AlphaFour
Scripts and notebooks for playing, simulating, and building AIs for the game ConnectFour
There are two main components to this repository:
- The
four.py
script, which allows you to play ConnectFour, as well as simulate games and process data - The
training.ipynb
, which generates ConnectFour "AI" models using TensorFlow
Four.py
four.py
is a command-line script that provides the following capabilities:
This repository is designed to support the following steps
play
: Play a game of ConnectFour again an existing AIsimulate
: Simulate a game between AIs and save it as datavisualize
: Visualize a saved gameprocess
: Process a saved game into a data format suitable for model training
Training.ipynb
An jupyter notebook that reads in the processed form of games simulated using four.py
, trains tensorflow models on them, and serializes the models out. A serialized tensforflow AI can then be used to play games or simulate new games using four.py
Typical Workflows:
Simulate games and process them into training data using as "RANDOM" AI
python four.py simulate --num-games 500000 --output-prefix simulations/random-`date '+%Y-%m-%d-%H:%M:%S'`/
python four.py process --output-prefix training_data/random-2017-10-21-13:41:47/ "simulations/random-2017-10-28-17:13:04/*.json"

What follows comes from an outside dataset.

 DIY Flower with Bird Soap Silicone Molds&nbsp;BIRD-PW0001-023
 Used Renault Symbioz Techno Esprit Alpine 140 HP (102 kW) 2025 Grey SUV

Simulate games and process them into training data using an AI built with Tensorflow
python four.py simulate --num-games 100000 --red-model gen1-cov2d_beta_2017_10_29_150829 --yellow-model gen1-cov2d_beta_2017_10_29_150829 --output-prefix simulations/gen1-cov2d_beta_2017_10_29_150829-`date '+%Y-%m-%d-%H:%M:%S'`/
python four.py process --output-prefix training_data/gen-1-cov2d_beta_2017_10_22_142925/ "simulations/gen-1-cov2d_beta_2017_10_22_142925/*.json"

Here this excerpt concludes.